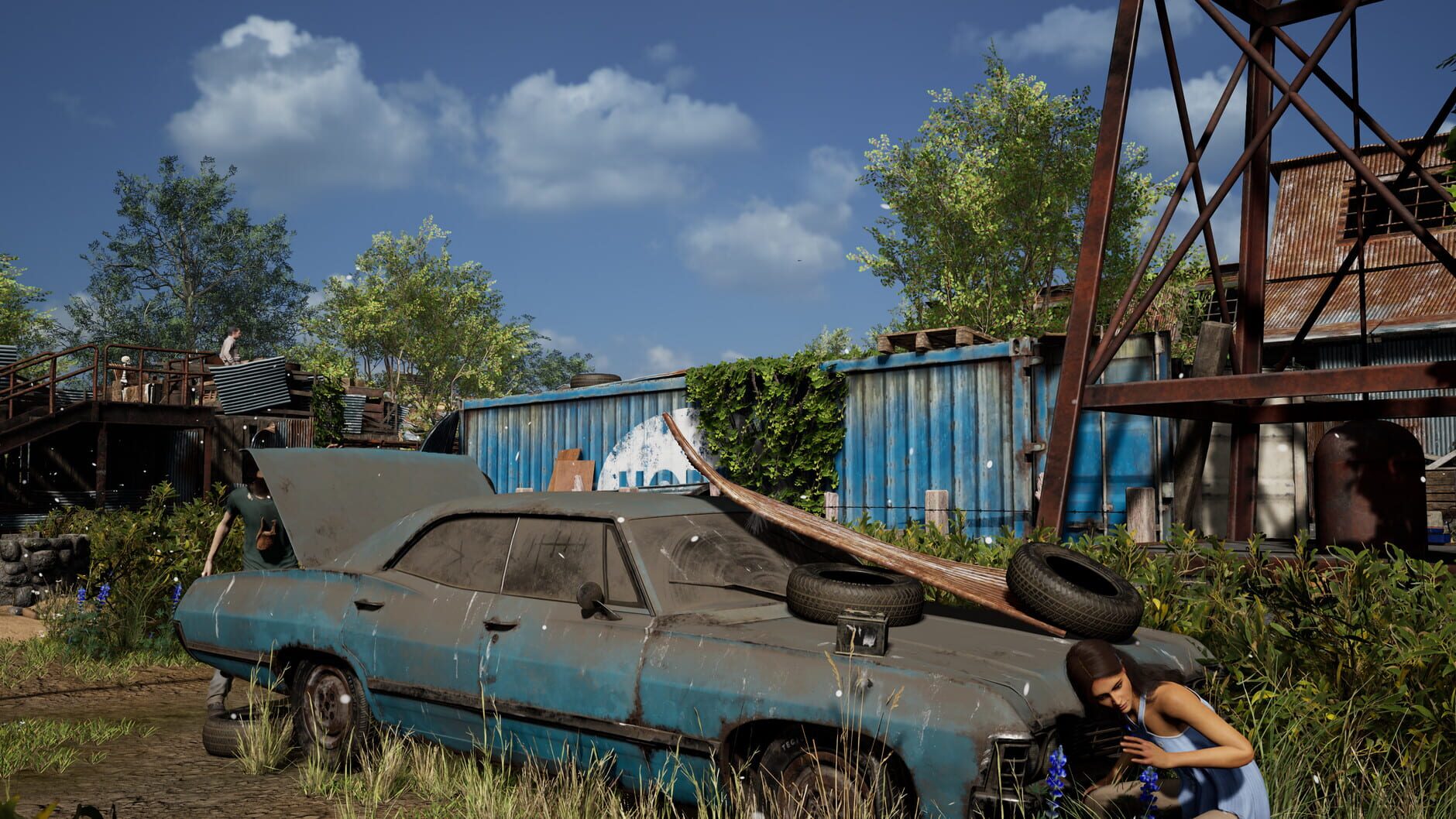 Screenshot for The Texas Chain Saw Massacre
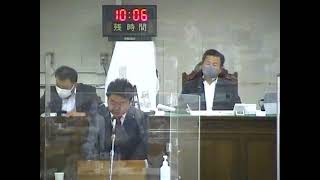 令和4年9月定例会議 9月7日（一般質問）内海基議員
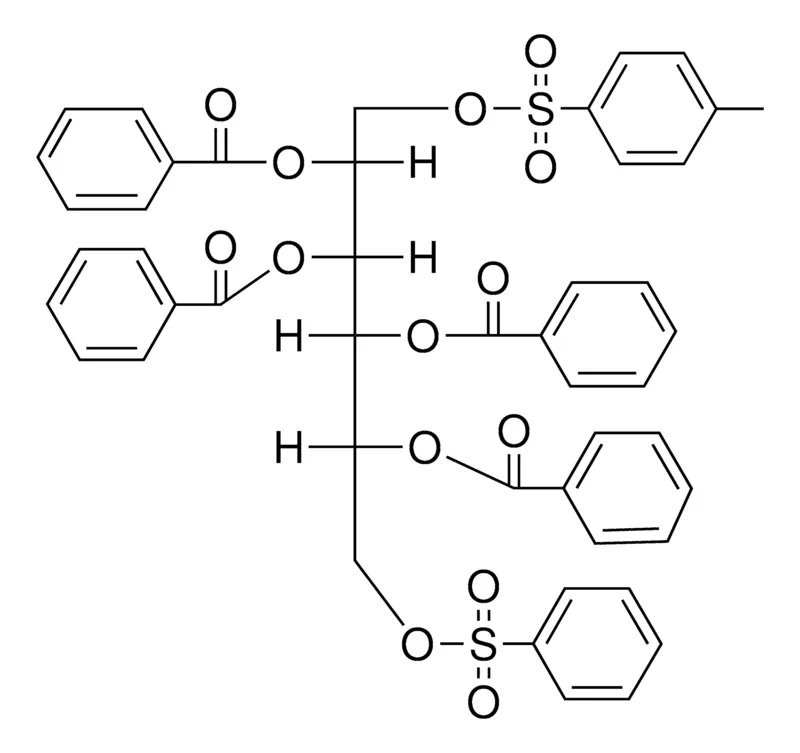Sigma-Aldrich 1,6-BIS-O-(P-TOSYL)-2,3,4,5-TETRA-O-BENZOYL-D-MANNITOL,AldrichCPR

###

#### [Directions]
Would you please retype the material above exactly and leave out each picture?

#### [Result of the exercise]
 Screenshot for The Texas Chain Saw Massacre
 令和4年9月定例会議 9月7日（一般質問）内海基議員
Sigma-Aldrich 1,6-BIS-O-(P-TOSYL)-2,3,4,5-TETRA-O-BENZOYL-D-MANNITOL,AldrichCPR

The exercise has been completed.